▸ **EXERCISE REQUIREMENTS**: A verbatim repetition of the data below is requested, without images.

▸ **EXERCISE DATA**:
──────────────────────────────
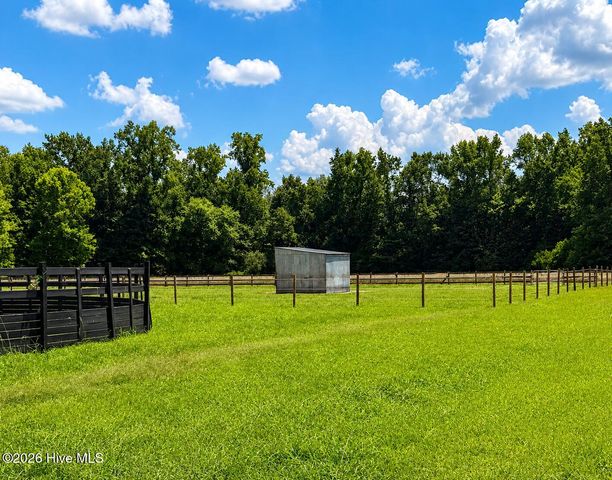 1760 Taylor Road, Farmville, NC 27828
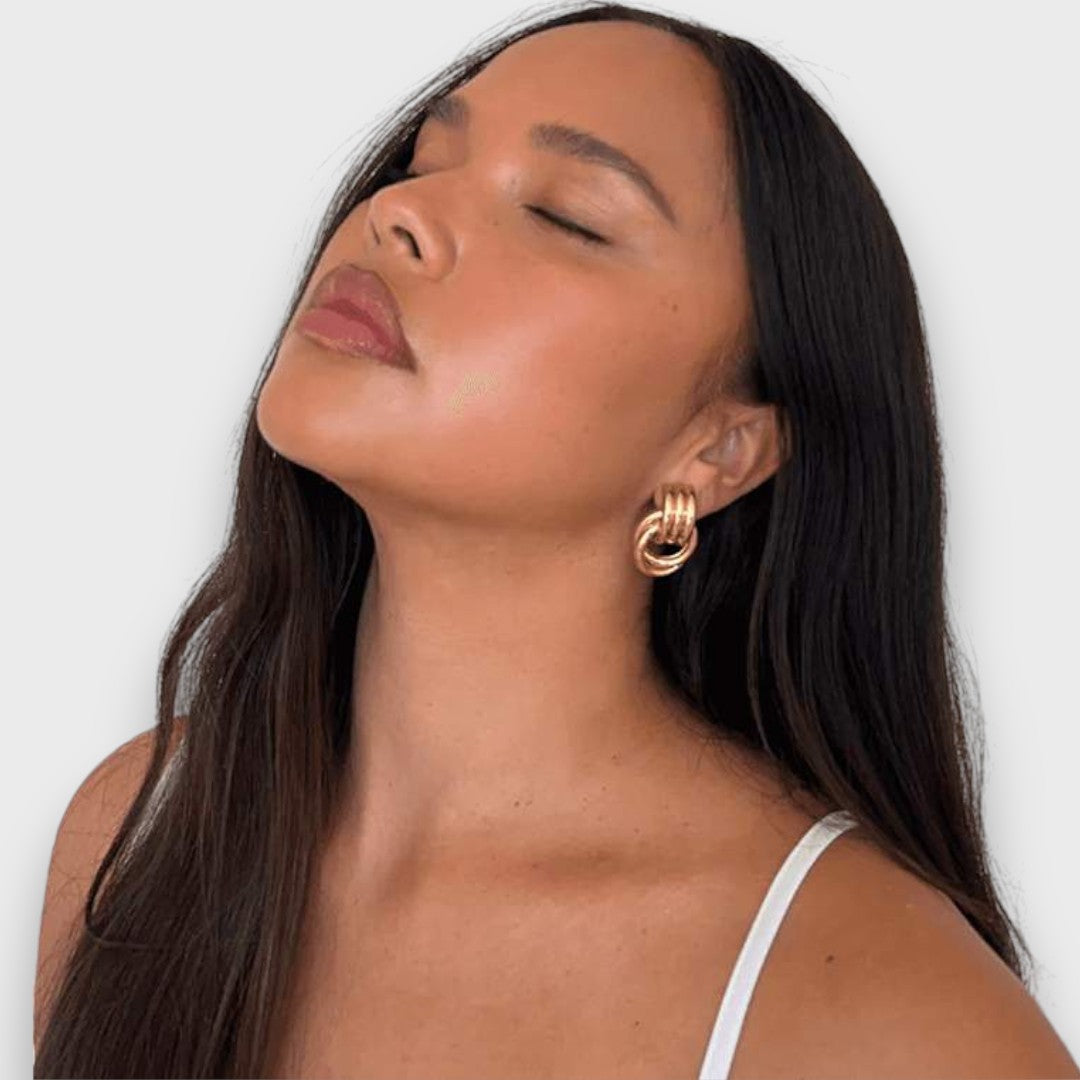 Nela – Knot Earrings in Gold-Plated Filigree
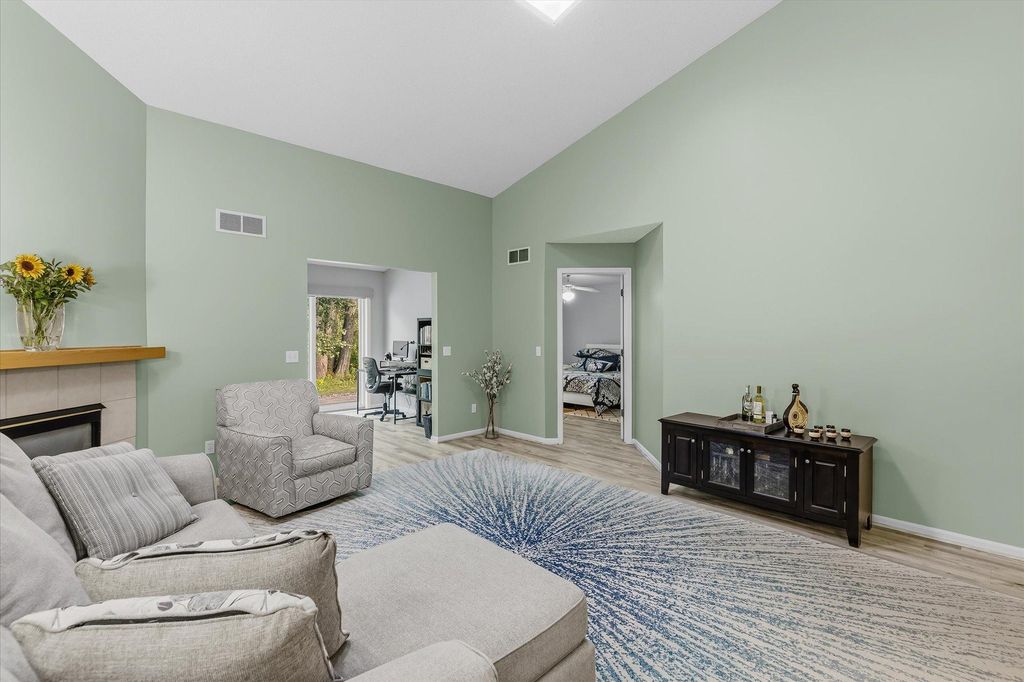 7856 Heinbuch Trail, Woodbury, MN 55125 — photo 5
──────────────────────────────
▸ **COMPLETED TASK**:
 1760 Taylor Road, Farmville, NC 27828
 Nela – Knot Earrings in Gold-Plated Filigree
 7856 Heinbuch Trail, Woodbury, MN 55125 — photo 5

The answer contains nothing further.